Life

How Laura M. Esquivel helped defeat the national same-sex marriage ban

Laura Esquivel
Laura Esquivel Photo: GLLU

In 2006, as Republicans were trying to pass the Federal Marriage Amendment (FMA) – which would have banned marriage equality in the U.S. – LGBTQ+ and Latina activist Laura M. Esquivel was in Congress, helping Latino lawmakers understand the bill and why they should oppose it.

Esquivel at that point was no stranger to activism. Often called “La madre of the Latino LGBT Movement,” she joined the Gay and Lesbian Latinos Unidos (GLLU) in Los Angeles and became its first lesbian president. She marched with labor rights leader Cesar Chavez in the ’80s, and co-founded the first national Latino LGBTQ+ organization, the National Latino/a Lesbian and Gay Organization (LLEGÓ, the word for “arrived” in Spanish).

Born in Los Angeles, Esquivel moved to D.C. to work with LLEGÓ in 1987 and, over a decade later, was fighting against the FMA. She said that the coalition of progressive organizations working against the FMA “couldn’t get support from Latino legislators” who “thought it was not a Latino issue,” according to Color Magazine. So she stepped in and started lobbying them.
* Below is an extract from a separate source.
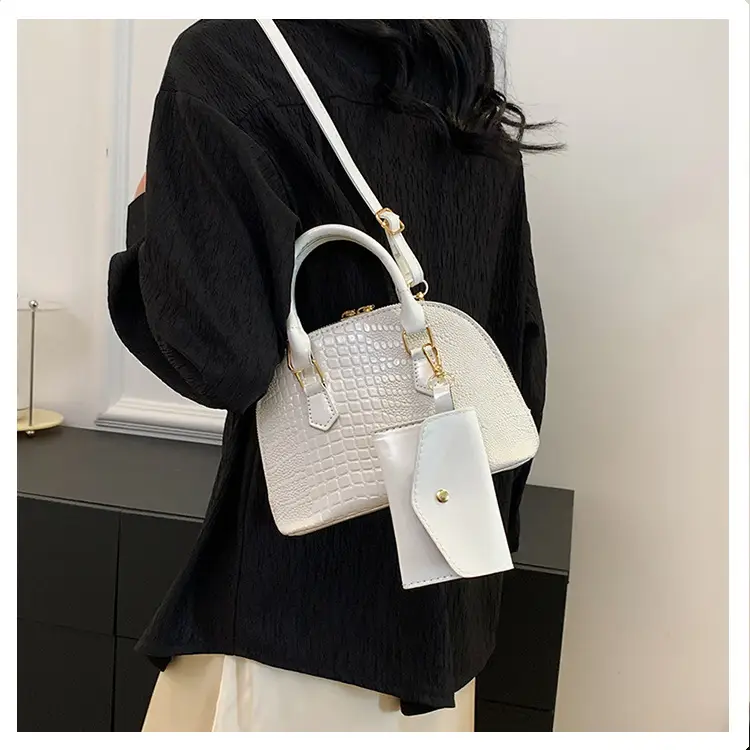 Women Croc Patch Handbags 2024 New High-end Texture All-match — feature 26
“The Latino members of Congress understandably asked me to prove that it was an issue Latinos cared about before they would consider weighing in,” she later said, noting that she was often the “first person to meet with them on these issues who wasn’t white.”
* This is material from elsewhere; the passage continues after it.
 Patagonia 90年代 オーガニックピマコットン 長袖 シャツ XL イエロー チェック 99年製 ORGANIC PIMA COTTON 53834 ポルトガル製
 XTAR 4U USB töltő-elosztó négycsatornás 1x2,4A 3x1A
Political strategist Robert Raben said of her at the time, “Laura has a rare gift: she can move people with equal parts passion, borne of activism, and pure smarts, borne of raw intelligence and political savvy. I’ve watched her do what people said could not be done in our movement; getting diverse interests to agree to support equality for us.”

LLEGÓ was able to get the National Hispanic Leadership Agenda — whose board the group had a seat on — to issue a statement opposing the FMA. Esquivel used the statement to show that LGBTQ+ rights weren’t something that only Anglo LGBTQ+ people were concerned about.

In part because of her efforts, more than half of the Congressional Hispanic Caucus came out publicly against the FMA and asked then-President George W. Bush to veto it.

“What the gay and progressive communities did not understand was that Latinos are, and always have been, low-hanging fruit on this issue,” she said. “All that is needed are the right messages and the right messengers, and of course, that can’t happen if you don’t know the community.”

After that, she worked with what was then known as the Gay and Lesbian Victory Fund (now the LGBTQ+ Victory Fund) as their senior vice president of political affairs. A savvy political strategist, Esquivel has worked with five presidential campaigns to engage Latino voters.

At the Victory Fund, she pushed for polling of Latino voters in an effort to debunk the myth that Latino people are too macho or traditional to support LGBTQ+ people’s rights. She said that the polling found “a message we tested that worked really well. ‘For us, it’s family first. We don’t throw out our kids.’”

“It is a radically changed landscape since the strategic targeting of Latino opinions on this issue,” she later said. “Many national and local organizations have an openly gay leadership, staff or programming. And they are nearly all supportive of LGBT equality. This is light years away from where we were in 2003. I can’t claim responsibility for all that. But I know I played a small role in getting Latinos to understand that gay issues are also Latino issues.”

Esquivel hasn’t stopped working to improve the world, or herself. Since her work to stop the FMA, she has gotten a masters in public administration from the Harvard Kennedy School of Government.

She was also hired to create a campaign to get Lou Dobbs off CNN due to his extreme anti-immigrant rhetoric. Dobbs was the only CNN host who spread the conspiracy theory that former President Barack Obama wasn’t born in the U.S. He appeared at a conference hosted by the Federation for American Immigration Reform, and several campaigns to get him off the air were launched.

Esquivel worked with advertisers to get them to understand that Latino viewers weren’t watching Dobbs. After the concerted efforts of several organizations, Dobbs resigned from CNN.

“That’s what I do, create coalition in leveraging in a way it hasn’t been done before,” she said.

She currently works with Earthjustice, an environmental legal organization.